This is a short summary paper on the FX market.

 

What is Foreign Exchange

Foreign Exchange (also known as FX, Forex) is the simultaneous buying of one currency and selling of another. FX is the largest trading market in the world with a turnover estimated at $1.9 trillion daily by the Bank for International Settlements.

 

 

What Instruments Make Up The FX Market ?

 

The FX market consists of the following products:

 

FX Cash Products (traded OTC):

  • Spot FX
  • Outright Forwards
  • FX Swaps
  • Currency Swaps
  • Currency Options

 

FX Listed Derivative Products (traded on exchanges):

  • Currency Options
  • Currency Futures

 

 

 

FX Markets

 

FX is a true 24-hour market with trading beginning on a Sunday 10pm in Sydney and moving around the globe as the business day begins in each financial centre first to Tokyo, London, and New York. London is the world’s predominant FX centre followed by New York.

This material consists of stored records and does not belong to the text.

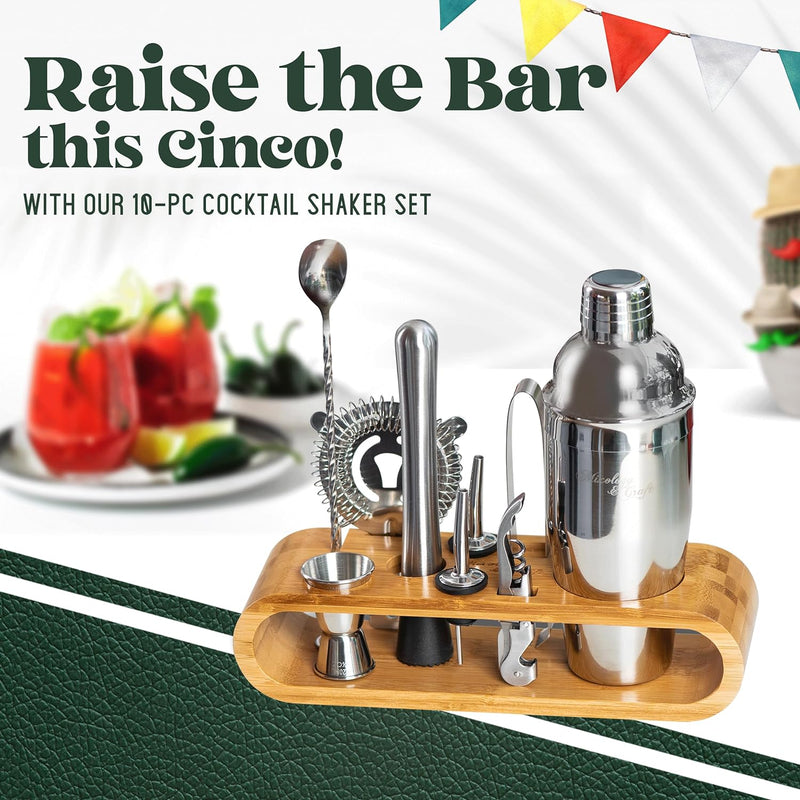 Mixology & Craft Cocktail Set (10-TLG.) - Edles Cocktail Shaker Set mit Shaker aus Edelstahl und Bar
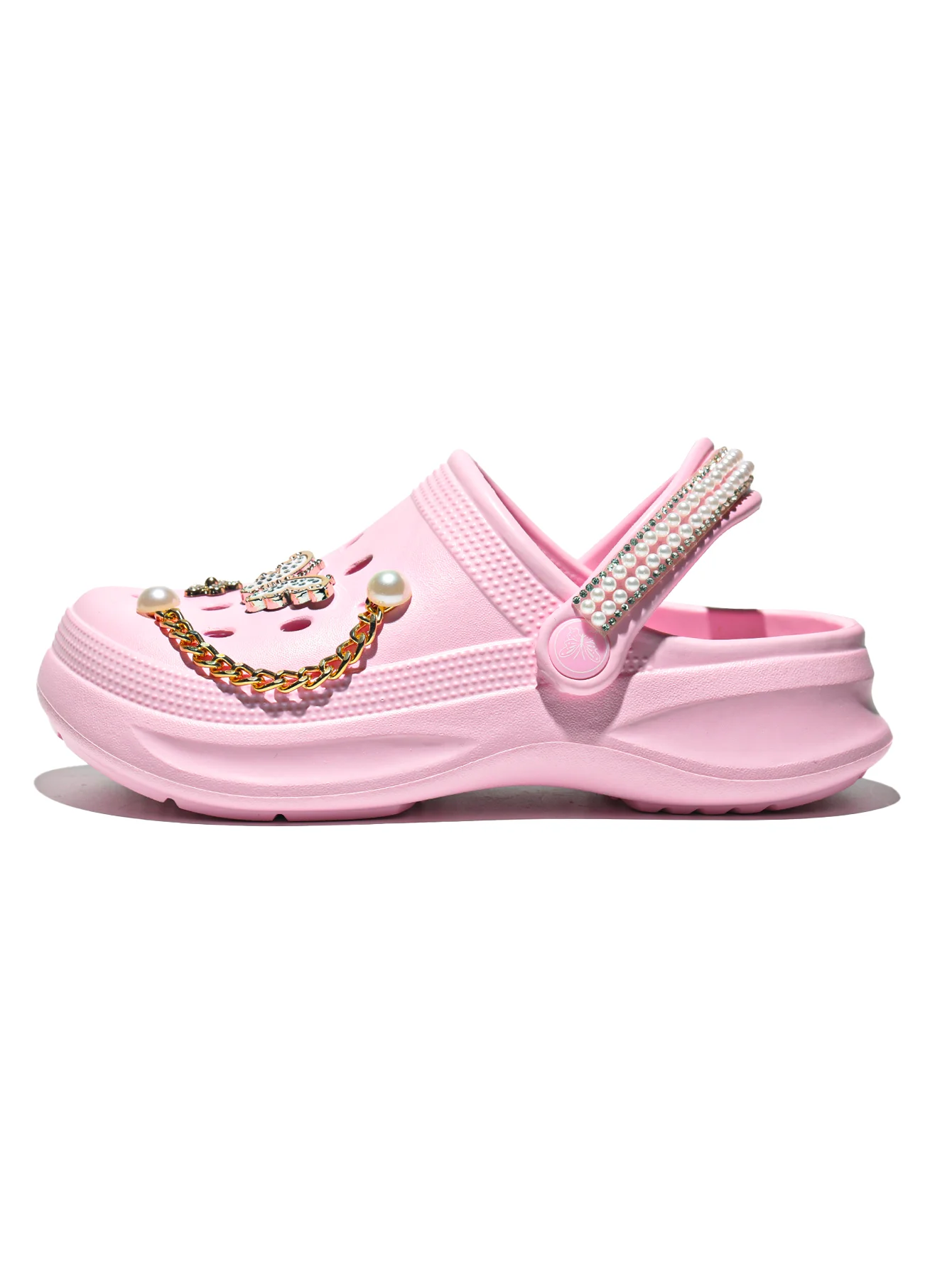 Kinder Slip-On Clogs und Pantoletten - Atmungsaktive, Wasserdichte EVA-Gartenschuhe mit Dekorativer Kette für Strand und Alltag 168 – Detail 13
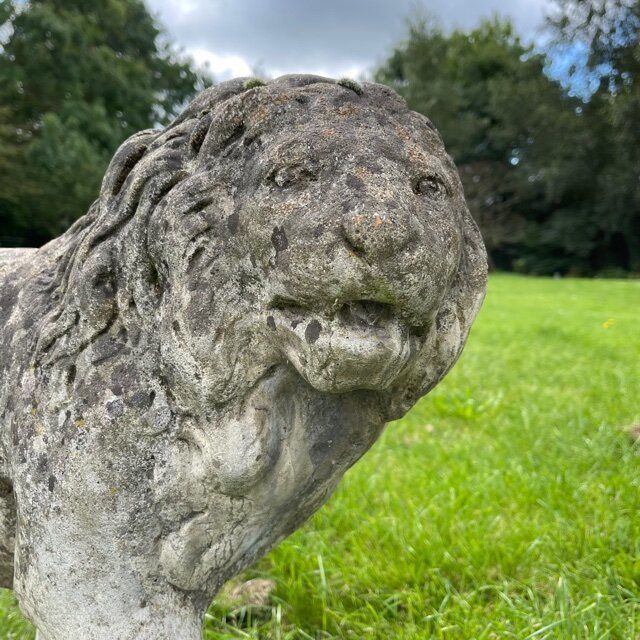 Pair Of English Large Cast Stone Medici Lions Circa 1910 photo vinterior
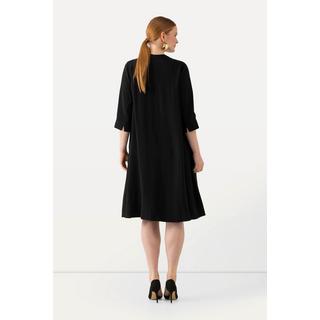 Ulla Popken  Midikleid, Struktur, A-Linie, Tunika-Ausschnitt, 3/4-Arm 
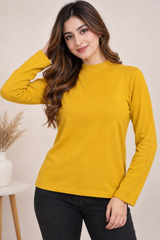 Bonmarché Women Mustard Yellow Mock Neck Long Sleeve Top
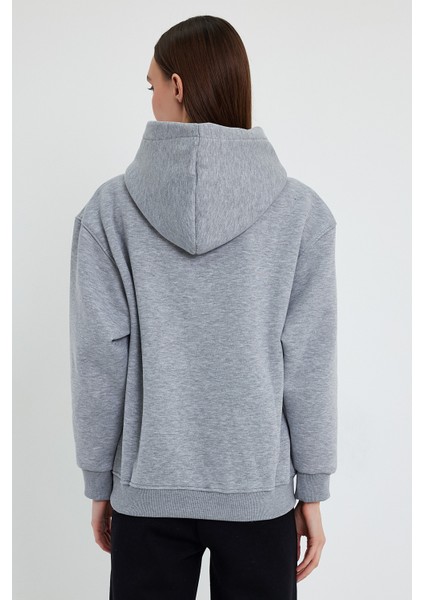 Gri Hoodie, Oversize Hoodie, Kadın Hoodie, Kanguru Cepli Kapüşonlu fırsatları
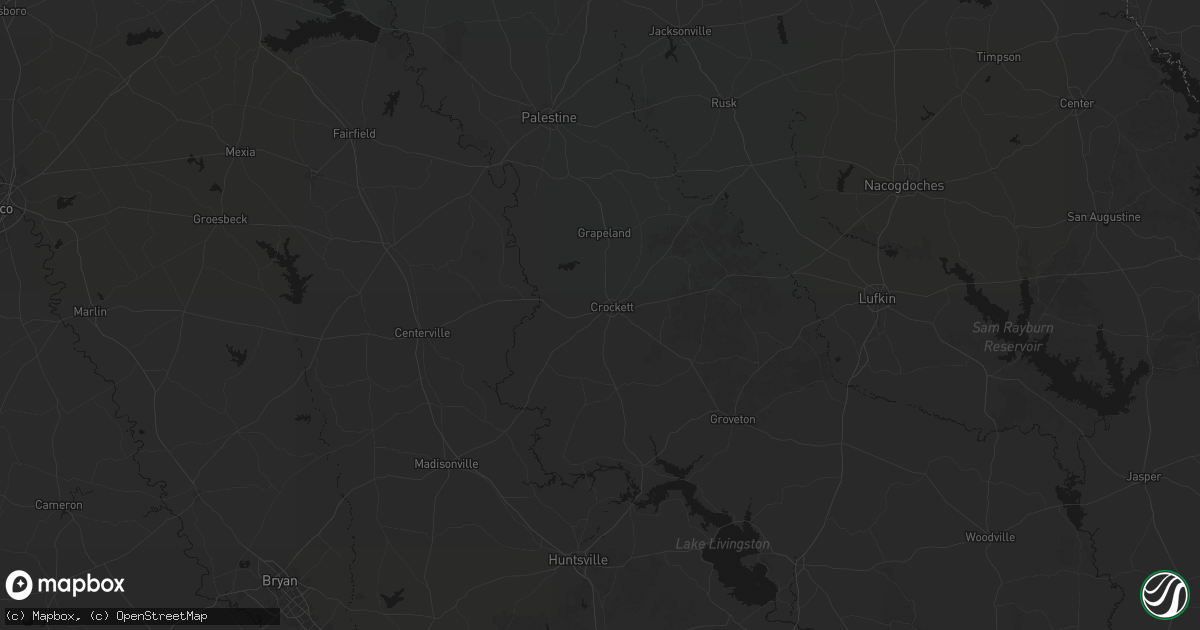 Hail map in Crockett, TX on June 2, 2026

In common with most asset classes, FX is being brought into the worlds of electronic and multi-asset trading platforms. Most FX trading is conducted OTC in the inter-bank market via telephone or electronically.

 

 

What Are The Main Currencies Traded ?

 

Currencies are never traded in isolation but always as a “cross” between pairs of currencies (aka a currency pair). The four major currency pairs traded are:

 

 

Symbols

Description

EURUSD

Euro-US Dollar pair

USDYEN

US Dollar-Japanese Yen pair

GBPUSD

British Pound-US Dollar pair aka Cable

USDCHF

Dollar-Swiss Franc pair

 

 

Note that the order i.e. USDYEN is a market convention it does not imply that you are trading dollar’s for yen’s or vice-versa. The dollar-yen exchange rate is expressed in yen per dollar. Hence, an increase in this rate indicates an increase in the value of the dollar versus the yen. In contrast, the euro-dollar exchange rate is expressed in dollars per euro. Thus an increase in this rate indicates a decline in the value of the dollar versus the euro.

 

 

Trading Spot Currency

 

A trader always buys or sells a fixed amount of the base currency (aka quoted, underlying or fixed currency), and adjusts the amount of the terms currency (aka counter currency) as the rate changes. The terms currency is the numerator and the base currency is the denominator. When the numerator increases, the base currency is strengthening and becoming more expensive; when the numerator decreases, the base currency is weakening and becoming cheaper.

 

The base currency is always quoted first. E.g. USDYEN means the dollar is the base and the denominator and the yen is the terms currency and the numerator. GBPUSD means that sterling is the base currency and dollars is the terms currency.

 

As stated earlier, traders always buy or or sells a fixed amount of the base currency.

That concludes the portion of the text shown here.